Hierarchical corpus encoder: Fusing generative retrieval and dense indices
Tongfei Chen, Ankita Sharma, Adam Pauls, Benjamin Van Durme
TL;DR
The paper addresses the challenge of scalable ad hoc retrieval that generalizes to unseen documents by fusing dense encoders with a structured document hierarchy. It introduces Hierarchical Corpus Encoder (HCE), which jointly learns vector representations and a hierarchical index, and trains with a hierarchy-aware, multi-level contrastive loss that leverages sibling negatives. Empirical results show that HCE outperforms both dense and generative baselines in supervised and unsupervised settings, with particular strengths at larger recall cutoffs and robustness to incremental updates.

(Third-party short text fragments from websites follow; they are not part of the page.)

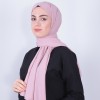 LEVİDOR ELAGANCE ŞAL PEMBE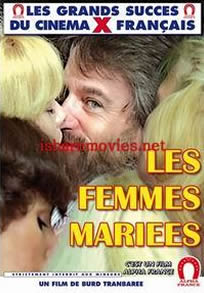 ѻ/Les Femmes Mariees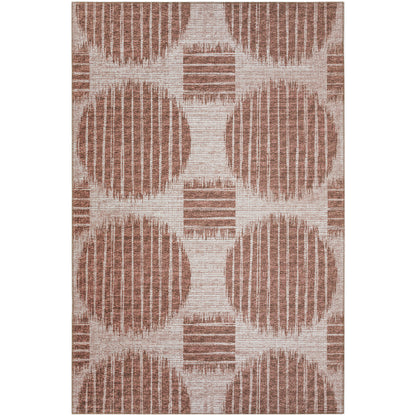 Dalyn Rugs Sedona  Driftwood  Transitional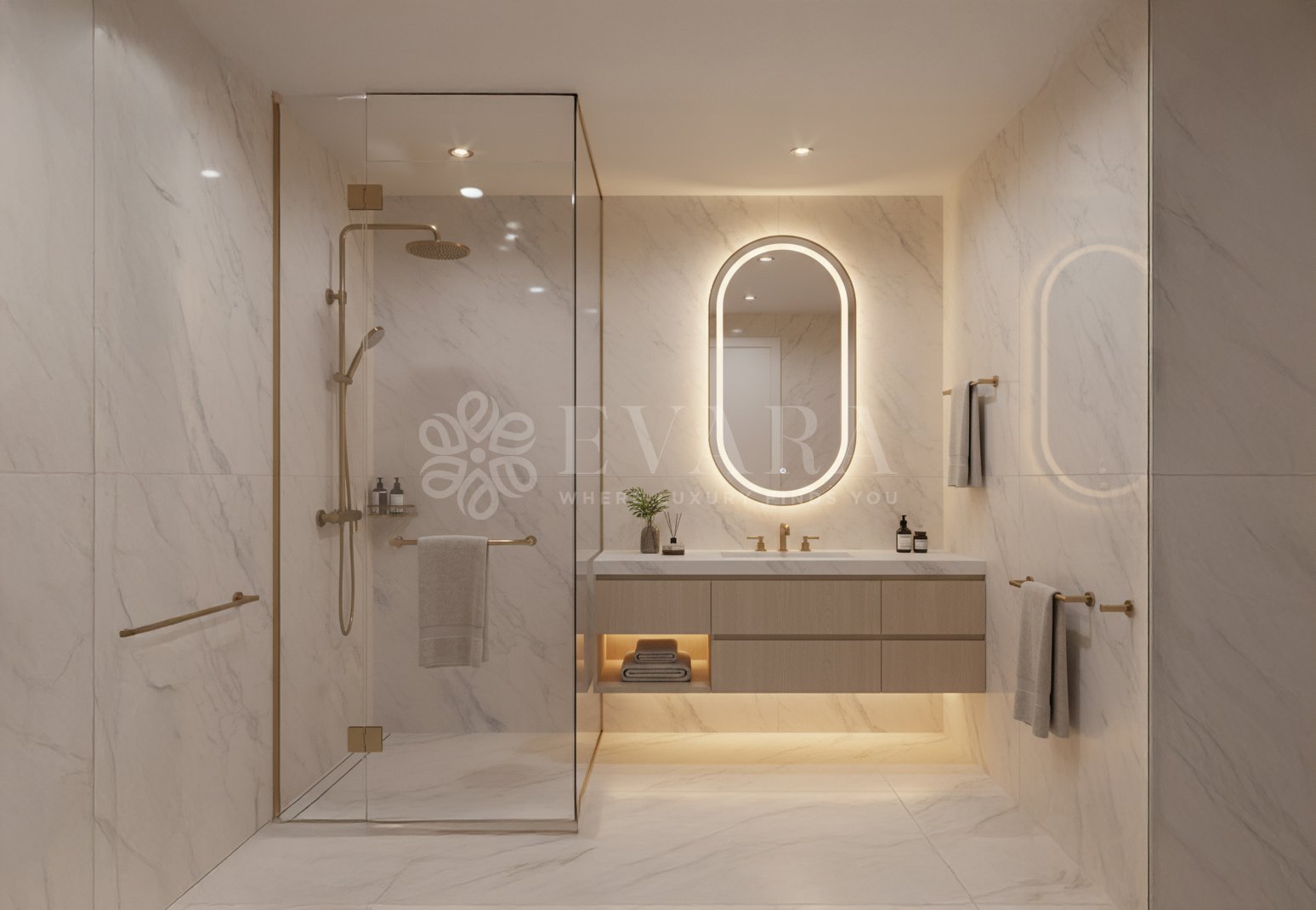 Neminath Evara Virar West | Luxurious 2BHK, 3BHK & 4BHK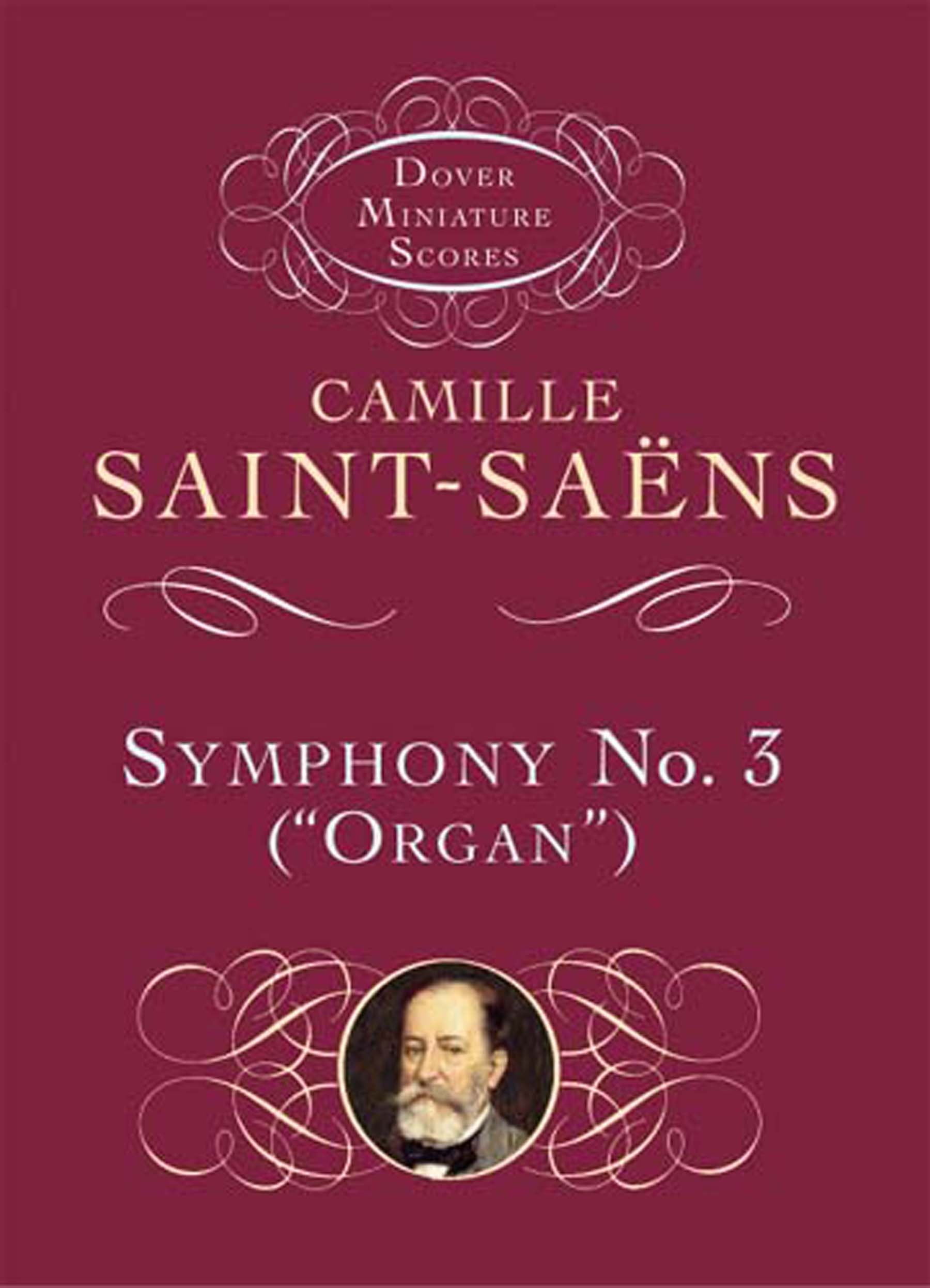 Symphony No. 3 (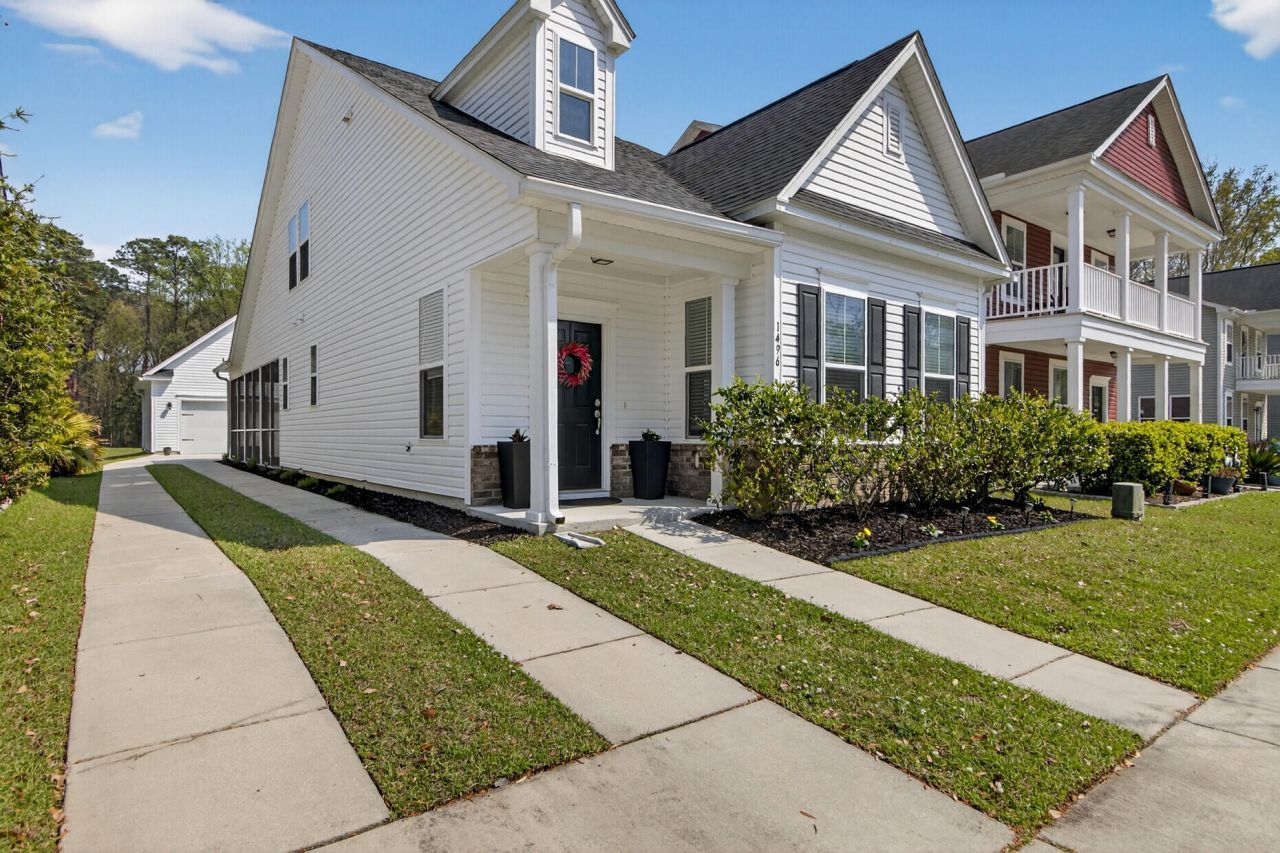 1496 Roustabout Way Photo 5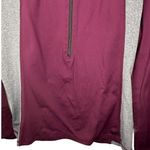 PINK - Victoria's Secret  Ultimate Pullover Jacket Shirt Photo 2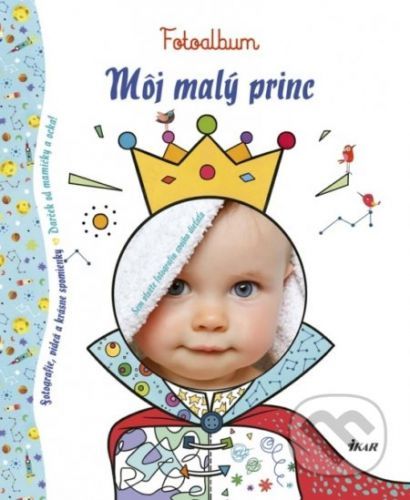 Môj malý princ - Ikar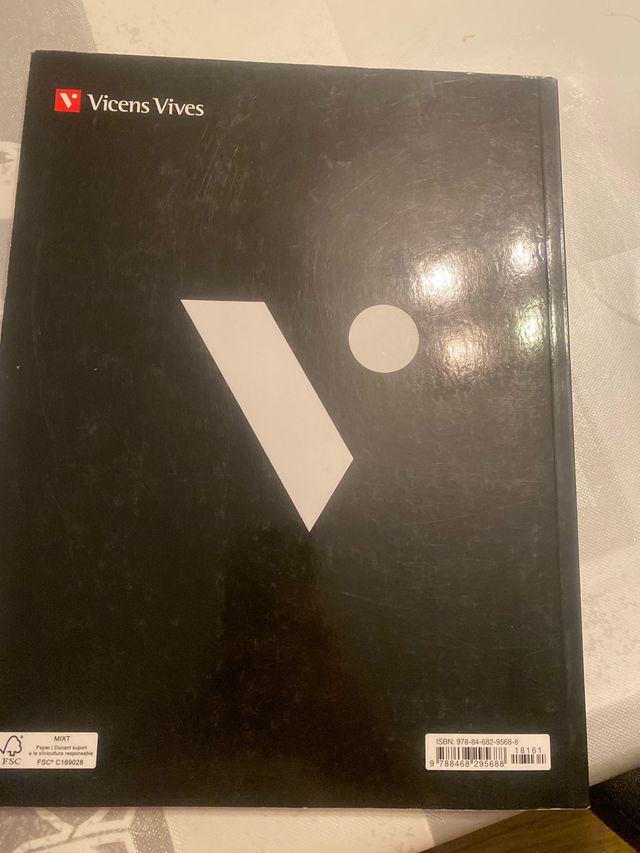 bachillerato historia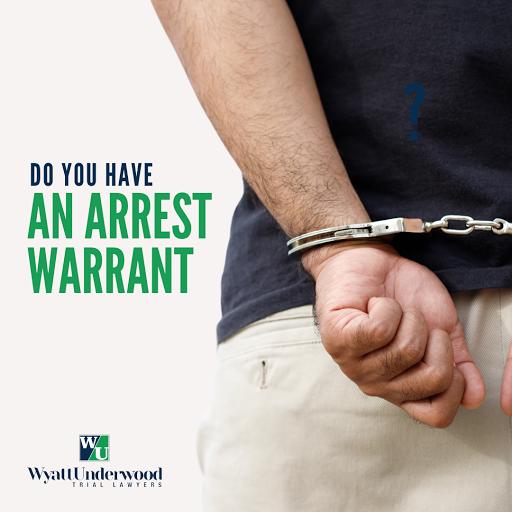 Criminal Justice Attorney «Wyatt Underwood Trial Lawyers», reviews and photos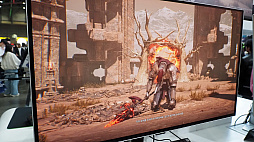 画像ギャラリー No.021のサムネイル画像 / ダークファンタジーな4人協力型アクション「EVILBANE」は，無双系とソウルライクのいいとこ取りな印象［G-STAR 2025］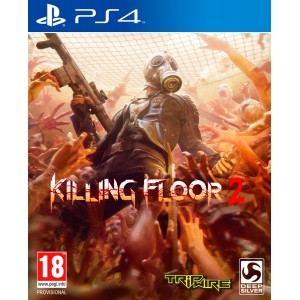 Killing Floor 2 - PS...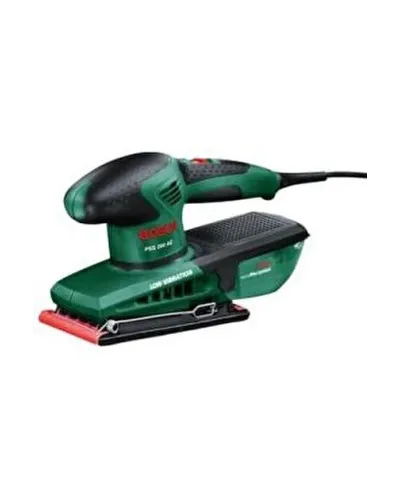 WOKIN Titrəşimli Zımpara Maşını 220W – Kompakt və Dəqiq Səth Emalı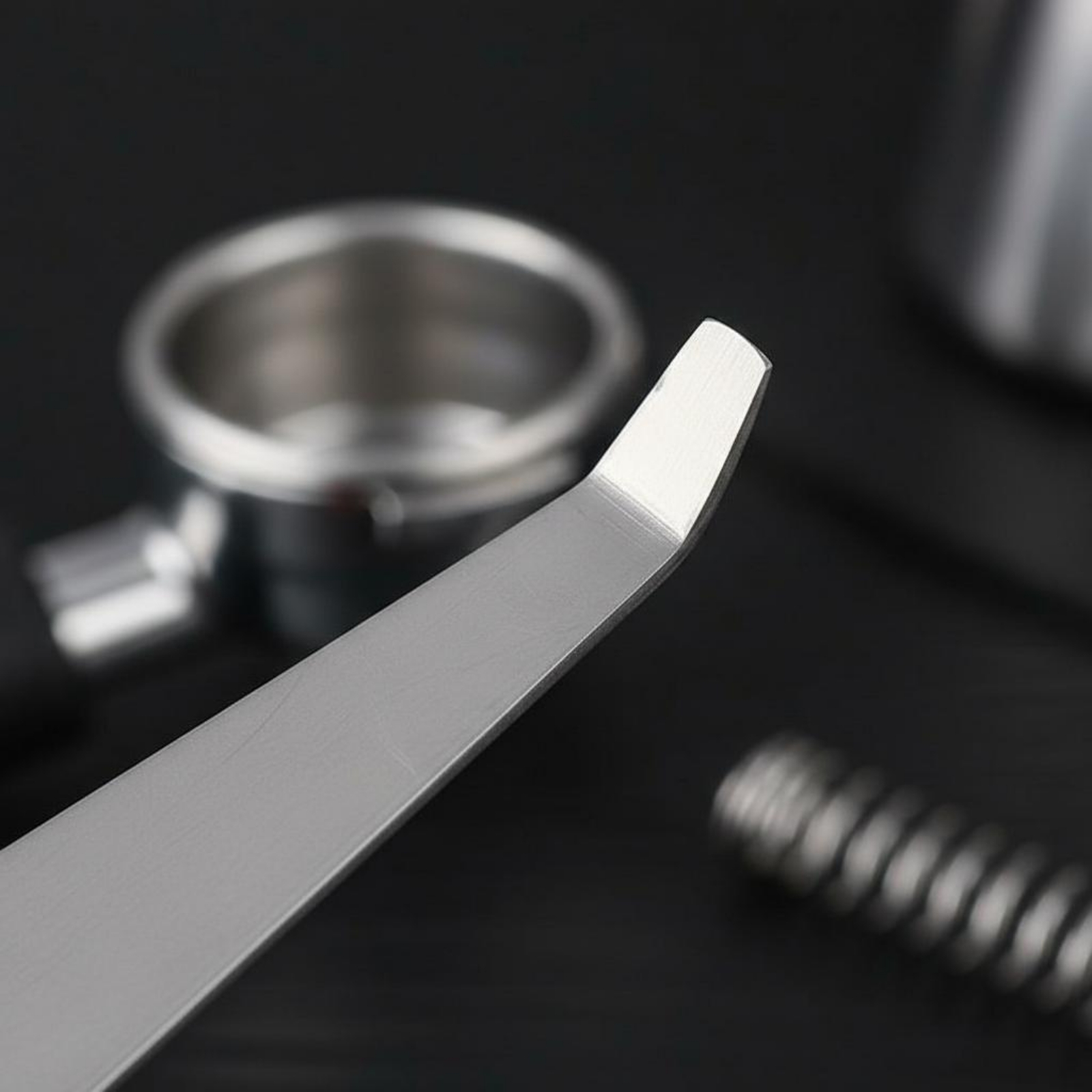 Portafilter Sepeti Çıkarma Ale - Stainless Steel Strainer incelemesi ve fiyatı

The work demonstrates that modeling the document set as a hierarchy yields zero-shot adaptability and efficient index updates, offering a practical path toward scalable, high-performance retrieval systems.
Abstract
Generative retrieval employs sequence models for conditional generation of document IDs based on a query (DSI (Tay et al., 2022); NCI (Wang et al., 2022); inter alia). While this has led to improved performance in zero-shot retrieval, it is a challenge to support documents not seen during training. We identify the performance of generative retrieval lies in contrastive training between sibling nodes in a document hierarchy. This motivates our proposal, the hierarchical corpus encoder (HCE), which can be supported by traditional dense encoders. Our experiments show that HCE achieves superior results than generative retrieval models under both unsupervised zero-shot and supervised settings, while also allowing the easy addition and removal of documents to the index.